Unexpected issues with 2 NVME initiators using the same target

Tue Jun 27 00:22:52 PDT 2017

>> I don't understand, is this new with the patch applied?
> 
> I applied your patch to 4.12-rc6 on the initiator, but my targets are
> still 4.9.33 since it looked like the patch only affected the
> initiator. I did not see this before your patch, but I also didn't try
> rebooting the targets multiple times before because of the previous
> messages.

That sounds like a separate issue. Should we move forward with the
suggested patch?

>>> After this and a reboot of the target, the initiator would drop the
>>> connection after 1.5-2 minutes then faster and faster until it was
>>> every 5 seconds. It is almost like it set up the connection then lose
>>> the first ping, or the ping wasn't set-up right. I tried rebooting the
>>> target multiple times.
>>
>>
>> So the initiator could not recover even after the target as available
>> again?
> 
> The initiator recovered the connection when the target came back, but
> the connection was not stable. I/O would happen on the connection,
> then it would get shaky and then finally disconnect. Then it would
> reconnect, pass more I/O, then get shaky and go down again. With the 5
> second disconnects, it would pass traffic for 5 seconds, then as soon
> as I saw the ping timeout, the I/O would stop until it reconnected. At
> that point it seems that the lack of pings would kill the I/O unlike
> earlier where there was a stall in I/O and then the connection would
> be torn down. I can try to see if I can get it to happen again.

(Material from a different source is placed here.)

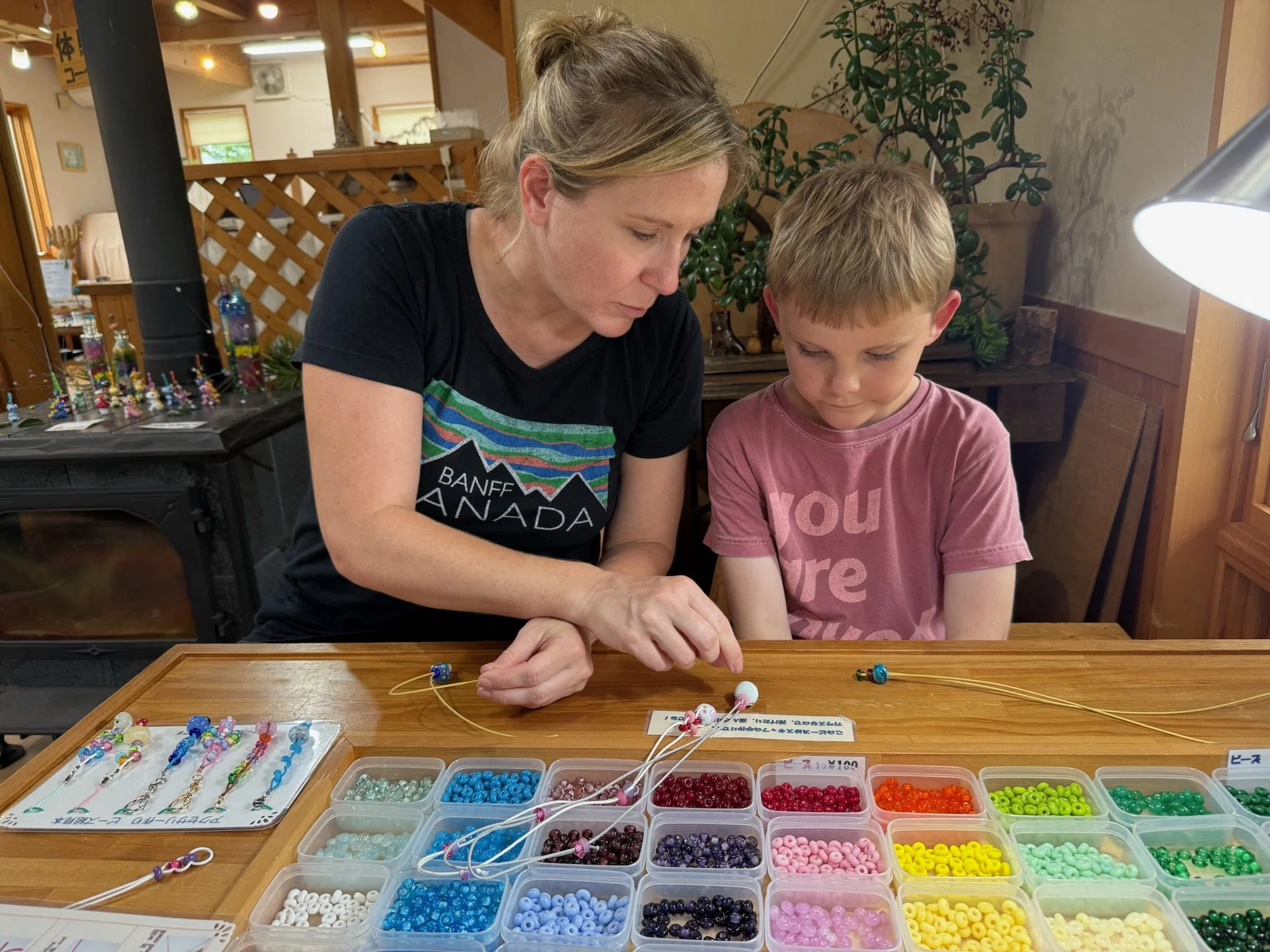 Mother and eight-year-old child choosing colorful glass beads to finish handmade tonbodama pieces at a workshop in Hakuba, Japan.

So looks like the target is not responding to NOOP_OUTs (or traffic
at all for that matter).

The messages:
[Tue Jun 20 10:11:20 2017] iSCSI Login timeout on Network Portal [::]:3260

Are indicating that something is stuck in the login thread, not sure
where though. Did you see a watchdog popping on a hang?

And massage:
[Tue Jun 20 10:11:58 2017] isert: isert_print_wc: login send failure:
transport retry counter exceeded (12) vend_err 81

Is an indication that the rdma fabric is in some error state.

On which reboot attempt all this happened? the first one?

Again, CCing target-devel.